Trust on Wheels – Towards Trust Management in the Internet of Vehicles
Abstract: The aim of this tutorial is to bring forth the essence of the notion of ‘trust’ in the context of the Internet of Vehicles (IoV) along with highlighting salient trustworthiness attributes which are indispensable for ascertaining the trust of a particular vehicle in an IoV network. In addition to the same, issues around optimally aggregating the trust attributes for ascertaining an accurate trust score of a vehicle and challenges pertinent to both static and dynamic thresholds which are employed for determining if a vehicle is categorized as trustworthy or untrustworthy in nature would be discussed. The tutorial would also highlight several sorts of malicious attacks which could adversely impact a trust-based IoV network along with their respective mitigation techniques. Open research challenges in the subject domain would be discussed too. By the end of this short tutorial, the audience would be equipped with the necessary skill set which would subsequently allow them to do a critical thinking for devising intelligent trust models on their own.
Dr. Adnan Mahmood
(Postdoctoral Research Fellow, Department of Computing, Macquarie University, Australia)

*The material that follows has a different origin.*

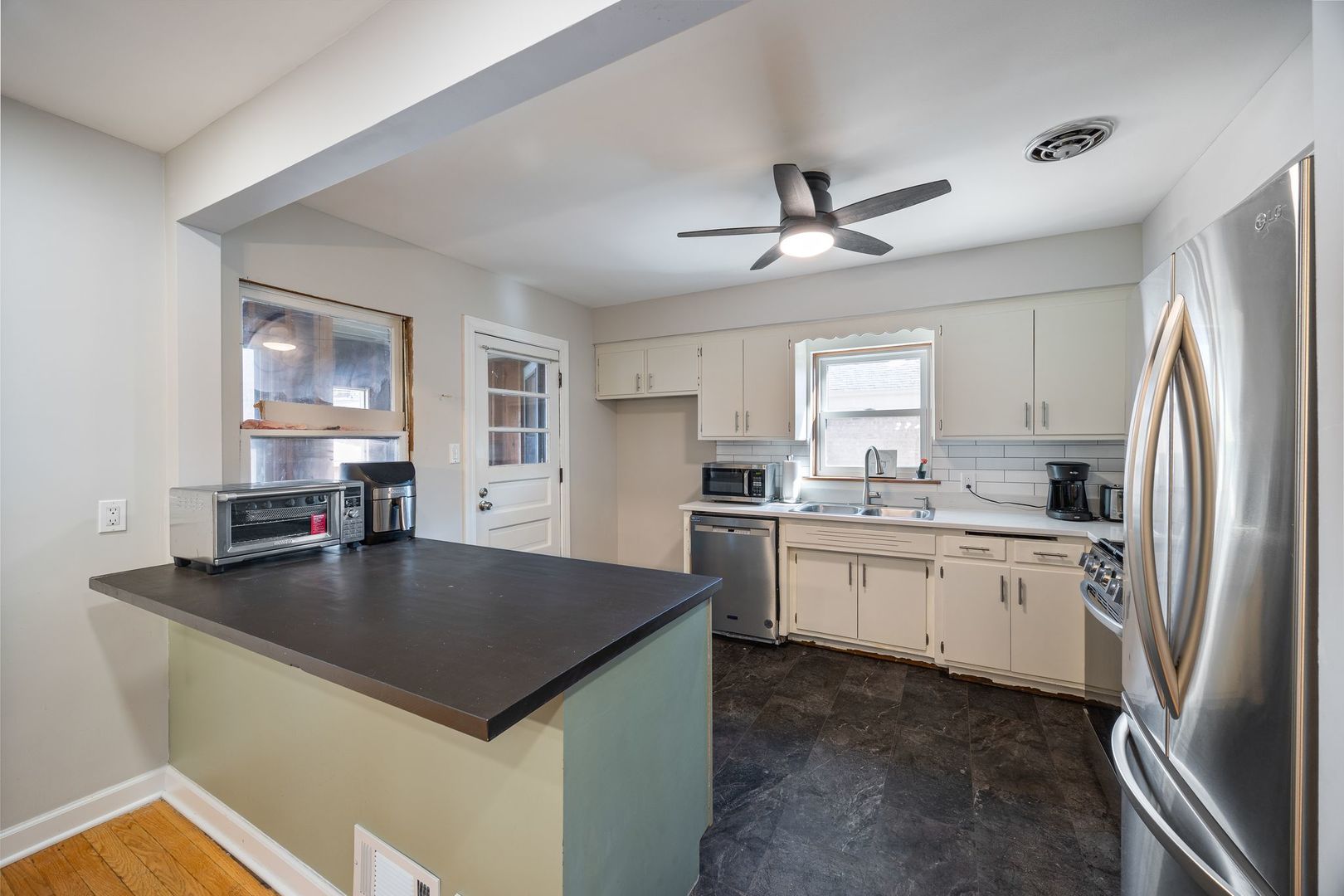 2928 W 98th Street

Presenter’s Biography: Dr. Adnan Mahmood is a Postdoctoral Research Fellow with the Department of Computing, Macquarie University, Australia. Before moving to Macquarie University, Adnan has spent a considerable number of years in diverse academic and research settings of the Republic of Ireland (where he has carried research on a project funded under the auspices of the Science Foundation Ireland Research Centre for Future Networks and Communications), Malaysia, Pakistan, and People’s Republic of China. Adnan, over the years, has produced several publications in the form of refereed book chapters, journal articles, and conference papers. He further serves on the Technical Program Committees of several reputed international conferences. Adnan’s research interests include, but are not limited to, the Internet of Things, the Internet of Vehicles, trust management, software-defined networking, cloud computing, edge/fog computing, and next-generation heterogeneous wireless networks. He is a member of the IEEE, IET, and the ACM.
Link to the Presenter’s Webpage:
Overview of the Topic: Over the past few decades, the promising notion of Vehicular Ad hoc Networks (VANETs) has seen a remarkable progress primarily owing to the considerable advancements in both short- and long-range wireless communication technologies for guaranteeing Vehicle-to-Everything (V2X) communication in a bid to ensure that the performance requirements of both safety critical and the non-safety vehicular applications could be realized. V2X communication is a multifaceted ecosystem encompassing Vehicle-to-Vehicle (V2V), Vehicle-to-Infrastructure (V2I), Vehicle-to-Network (V2N), and Vehicle-to-Pedestrian (V2P) communication, thereby facilitating vehicles for not only communicating amongst themselves but also with the supporting roadside infrastructure, backbone network, and vulnerable pedestrians. This has, therefore, empowered the transformation of the old-fashioned VANETs into the Internet of Vehicles (IoV), wherein each entity of a vehicular network is connected to the Internet so as to address numerous shortcomings of the conventional VANETs, including but not limited to, coordination issues between the disparate vehicles traversing at a distance from one another, scalability, ubiquity, and information insufficiency resulting in a poor judgment particularly in safety-critical scenarios.
However, just as humans socially interact with one another and are always at grave risk of being exposed to false (untrustworthy) interactions, vehicles in an IoV network are also vulnerable to several malicious attacks, which if not mitigated, could result in a number of fatalities on the road. Over the years, several researchers from both academia and industry have proposed conventional cryptographic-based schemes utilizing certificates and public key infrastructures to address these issues. Nevertheless, cryptographic-based solutions are not optimal in the case of an IoV network since vehicles are highly dynamic in their nature and the availability of the supporting infrastructure cannot be guaranteed at all times. Also, cryptographic-based solutions can be compromised by poor key hygiene, compromised trust authorities, and insider attacks, which are insidious (i.e., their failure is not immediately evident) and so can cause catastrophic damage. Accordingly, trust management has been recently proposed by researchers in academia and industry as a way of separating messages and their senders into two disjoint categories: malicious and non-malicious. Trust is a derived quantity and thus needs to be assigned to each vehicle depending on its behavior and is regarded as the confidence (belief) of one vehicle in the vehicle in question and is computed as a weighted aggregate of a diverse range of trustworthiness attributes.
It is thus imperative to design intelligent trust models to detect and accordingly remove malicious vehicles from an IoV network so that secure traffic flows in the context of the smart cities could be realized.
This tutorial is further designed for audiences of all levels, i.e., senior undergraduate and graduate students, academics, and industry professionals.